The operations of the society extended not only to the capital and its neighborhood, but to northern regions. They partly held possession of Durango, Sonora, and Sinaloa, and from those points extended their missions into the unknown territory of California. Occasionally efforts were made in some districts by other orders, and by the secular clergy, to deprive them of their predominating influence; but by ably conducted intrigues, or even open resistance against episcopal orders which they regarded as encroaching upon their privileges, they contrived to maintain their claims. With equal success they always regained the ground temporarily lost by revolts of the natives, and at the close of the seventeenth century were steadily extending their dominion toward the north.[1]
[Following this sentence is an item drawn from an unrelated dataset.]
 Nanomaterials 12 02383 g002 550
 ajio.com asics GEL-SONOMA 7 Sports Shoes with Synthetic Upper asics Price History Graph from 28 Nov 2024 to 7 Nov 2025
At the same time, while their efforts were chiefly in that direction, they lost no opportunity to establish houses and colleges in other provinces, well aware that if the education of the young could be brought under their control their influence would be greatly extended. Thus arose their establishment at Zacatecas, and later the one at Guadalajara,[2] both of which became among the most prominent in the country. In the adjoining province of San Luis Potosi, there had been but two fathers during the early part of the century; nevertheless their work was so successful that in 1623 a college was founded,[3] and notwithstanding some temporary opposition it prospered. A marked triumph was moreover secured by the order in Guanajuato, when the city, in 1616, chose San Ignacio de Loyola

  1. For a detailed account of the Jesuit labors in the unknown region, I refer the reader to Hist. North Mex. States, i., passim, this series.
  2. Both were erected with money mainly derived from donations; that of Zacatecas was begun in 1616; the other of Guadalajara was commenced in 1659, but the foundation did not take place till about 40 years later. Alegre., Hist. Comp. Jesus, ii. 81-2, 416; iii. 64-9, 91-2; Jalisco, Notas, 16-17, 171.
  3. Sinaloa, Mem. Hist., MS., 98.3-91. Voluntary gifts of considerable amount were at first offered; later the inhabitants made a donation of a hermitage which had been founded under the name of Santa Veracruz, or San Sebastian. Alegre, ii. 141-2, 152-3.